So yeah, Adam and Eve kind of have to leave because they ate from the wrong tree, but that's not really what that verse says. God sends them out of the garden so they won't eat from the tree of life. Yeah, we think that getting cast out was the worst thing that could have happened to Adam and Eve, but it wasn't. The worst thing would have been living forever in their sin, and that's what God saved them from. It wasn't so much that casting them out was punishment. It was an act of love.

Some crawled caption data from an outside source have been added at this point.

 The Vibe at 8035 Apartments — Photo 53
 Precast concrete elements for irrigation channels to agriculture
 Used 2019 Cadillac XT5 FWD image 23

This got me to thinking. I'm sure that there were times when Adam and Eve really missed Eden. They probably thought about it longingly and thought that if they could just somehow get back, their problems would be over. Little did they know that waiting inside what they thought was perfection was something incredibly dangerous to them. I think that we all have Edens in our lives. Something we think will make us happy, something we think will solve our problems, something we think will be just what we need. For me, it's things like a relationship, getting time to myself, not having to think about money ever again, or having a house one day with a library in it. Sometimes I think about these things, and I really want them. They start to seem like the perfect thing to me. I start to want them so much that I get angry with God for not giving them to me. But just like God kept Adam and Eve out of Eden for their own protection, I think He keeps my little Edens from me because He knows me better than I know myself. He knows it's better for me if I don't have the things I often think I need so badly because He knows that they would be dangerous for me. So instead of being upset that I don't get what I want, I can be thankful that God loves me enough to not give me whatever I ask for because He's looking out for me.

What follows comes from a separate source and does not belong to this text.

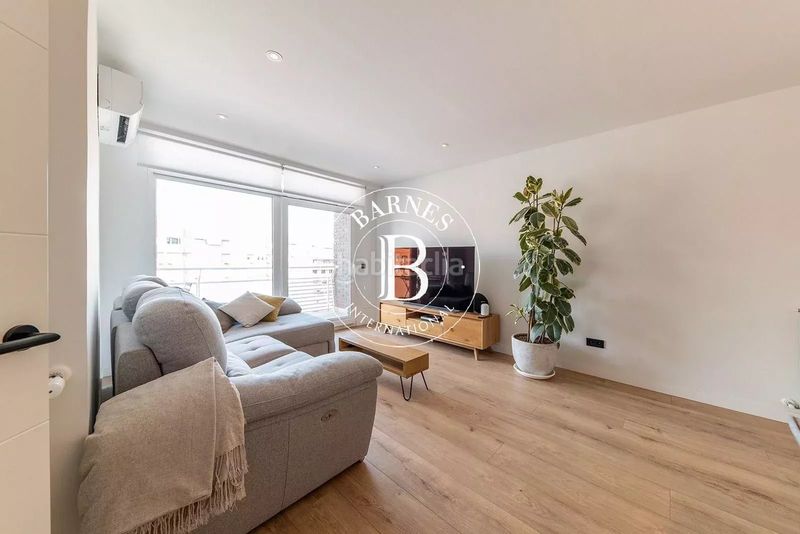 Foto 7f0ea554-ca6b-4663-a41d-61d2c38f3503. Piso en Adelfas Madrid
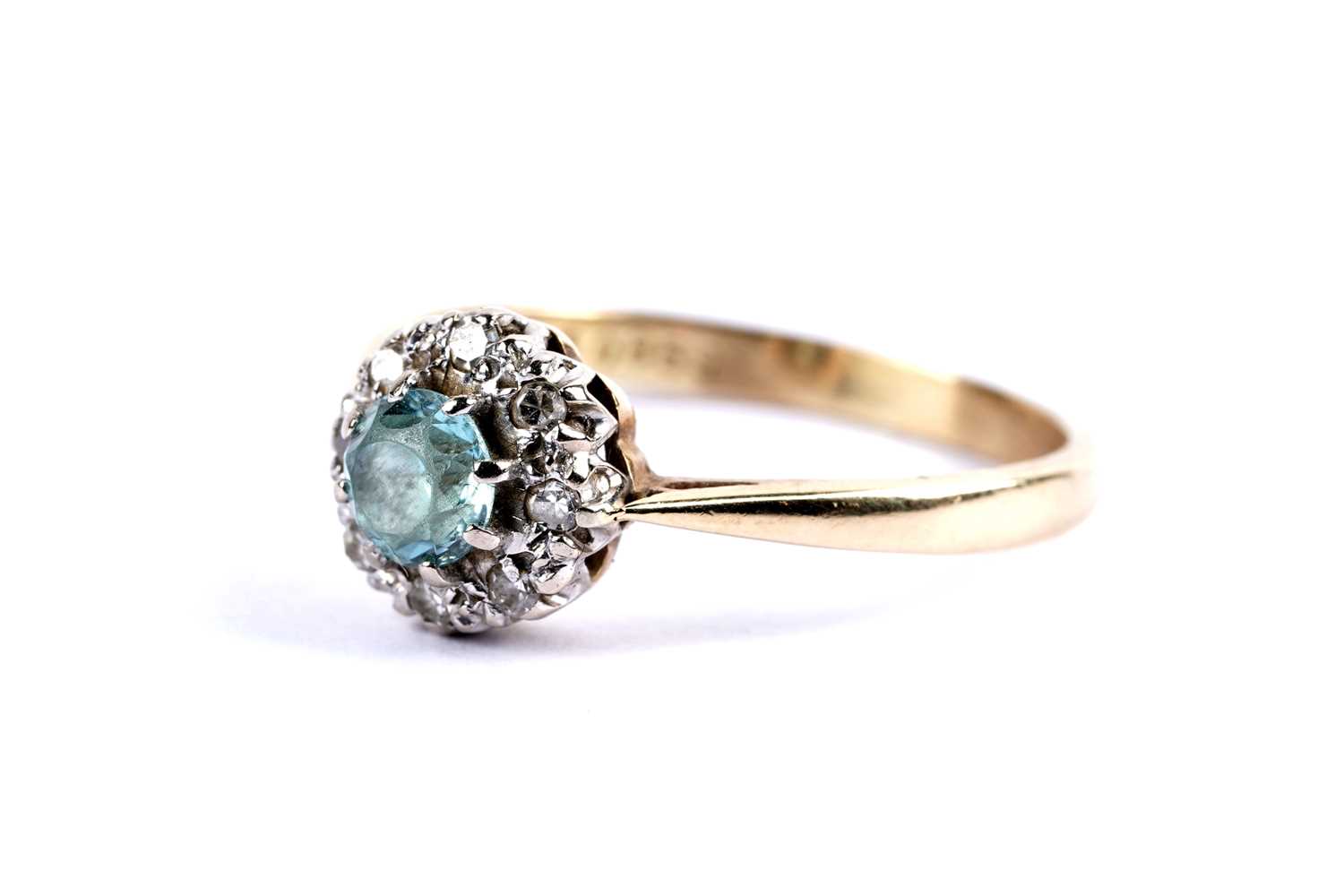 Lot 78 - A zircon and diamond cluster ring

Let's be honest, anyone who knows me knows that if I had a big library in my house I might never see the sun--or another human being--again. That's probably why God hasn't let me have one yet....
Sunday, January 2, 2011
Return!
Since it's a new year, I decided it was time for me to return to blogging. And since it's a new year, I also decided it was a good time to do some reflecting on last year and give myself a new direction for my blog.
I set off last year to embrace being single and celebrate myself. While some of it was fun, most of it didn't quite go how I was expecting. My plan was that doing all sorts of fun things would make me excited to be single even though most of my friends are married. It kind of backfired...a little...and I spent a lot of time being pretty sad about it. And a lot of time being convicted over my pride and selfishness.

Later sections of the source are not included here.